By Jacob Strieb

Published on November 10, 2019

Read the discussion at Hacker News

During the Fall 2018 semester, I had the pleasure of being a teaching assistant for Fundamentals of Programming and Computer Science (15-112) at Carnegie Mellon University, where I am an undergraduate. 112—as the course is commonly known—uses rigorous problem sets to teach algorithmic thinking and much of the Python programming language. Because it is required for many majors and programs throughout the university, students with widely varying academic backgrounds take the course.

As a TA, my responsibilities included leading weekly “small group” sessions. The course encourages interactive learning through guided practice, and these small, TA-led groups are ideal for hands-on learning.
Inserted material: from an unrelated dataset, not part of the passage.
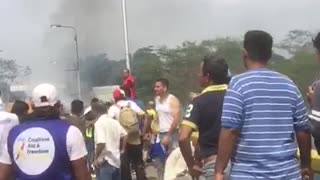 Cruzó la frontera la ayuda humanitaria a Venezuela
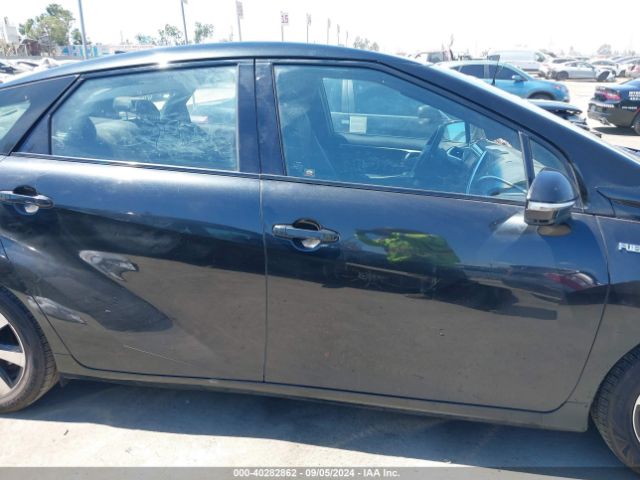 JTDBVRBD6HA001352 Toyota Mirai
Besides recursion, my favorite topic to teach in small groups was finding digit length. This deceptively simple task actually provides a surprising number of opportunities to explore deep ideas. The problem is stated as follows.

Write a function

`digitLength(n)`

that takes a natural number as input (i.e., 0, 1, 2, … – a nonnegative integer) and returns as output the number of digits the input has.For example:

`digitLength(69420) == 5`

and`digitLength(1337) == 4`

When this problem is assigned, students have learned about arithmetic operators, variables, conditional statments, and loops. For the vast majority of students (who lack prior programming experience), this can be a particularly difficult time in the course. The first few weeks go quickly, and students are expected to solve problems using multiple programming concepts shortly after learning them. This task is ideal for helping students build confidence, practice basic topics, and learn skills that will be critical for their success in the rest of the course.

The first solution students come up with typically looks like the following.

```
def digitLengthNaive(n):
count = 0
while n != 0: # or while n > 0
n //= 10 # or n = n // 10
count += 1
return count
```

After correcting errors, reviewing functionally-equivalent alternatives, and congratulating students on their understanding of loops, functions, variables, and arithmetic, I ask them: does this function always work?

The simple^{1} answer: this solution fails on `n = 0`

, returning `0`

instead of `1`

because it never enters the loop body and thus never increments `count`

. Addressing this minor problem provides a good opportunity to review conditionals. It also prompts a discussion about handling edge cases, and the mechanics and merits of returning early. We are left with a valid solution that looks like the following.

```
def digitLengthNaive2(n):
# Handle n == 0 edge case
if n == 0:
return 1
count = 0
while n != 0:
n //= 10
count += 1
return count
```

Expecting to move on, most students are surprised when I pose the problem again, but with a constraint: don’t use any loops.

If the task is framed as a “counting” problem, it seems best accomplished with loops, so I encourage conceptualizing it differently. The first hint is to develop a solution using a composition of functions and operations, rather than a series of instructions given to the computer. The subsequent big hint is to work with a *mathematical* definition of “digit length in base 10.”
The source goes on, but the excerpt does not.